**Exercise requirements**
In the entries below, find each line bearing the string "Image" and copy it.

Data records

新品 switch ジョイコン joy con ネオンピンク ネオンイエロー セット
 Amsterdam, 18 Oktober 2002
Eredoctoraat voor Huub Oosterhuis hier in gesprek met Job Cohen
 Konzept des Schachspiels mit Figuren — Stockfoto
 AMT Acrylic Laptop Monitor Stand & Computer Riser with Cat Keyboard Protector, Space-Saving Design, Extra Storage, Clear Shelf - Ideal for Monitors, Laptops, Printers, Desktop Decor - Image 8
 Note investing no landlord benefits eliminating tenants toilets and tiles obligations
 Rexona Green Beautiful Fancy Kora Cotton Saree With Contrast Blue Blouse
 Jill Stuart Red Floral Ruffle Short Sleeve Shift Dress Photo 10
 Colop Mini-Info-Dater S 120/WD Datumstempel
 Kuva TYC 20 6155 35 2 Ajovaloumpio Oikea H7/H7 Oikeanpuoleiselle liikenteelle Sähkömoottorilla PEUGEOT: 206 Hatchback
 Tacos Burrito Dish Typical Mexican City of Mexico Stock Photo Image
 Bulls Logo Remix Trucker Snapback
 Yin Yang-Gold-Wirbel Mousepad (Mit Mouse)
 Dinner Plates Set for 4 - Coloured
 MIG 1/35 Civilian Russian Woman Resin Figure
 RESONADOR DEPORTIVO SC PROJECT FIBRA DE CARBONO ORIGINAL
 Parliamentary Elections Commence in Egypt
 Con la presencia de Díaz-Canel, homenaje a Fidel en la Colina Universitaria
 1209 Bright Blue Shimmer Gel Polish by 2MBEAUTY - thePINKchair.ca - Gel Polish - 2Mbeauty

**Answer**
 AMT Acrylic Laptop Monitor Stand & Computer Riser with Cat Keyboard Protector, Space-Saving Design, Extra Storage, Clear Shelf - Ideal for Monitors, Laptops, Printers, Desktop Decor - Image 8
 Tacos Burrito Dish Typical Mexican City of Mexico Stock Photo Image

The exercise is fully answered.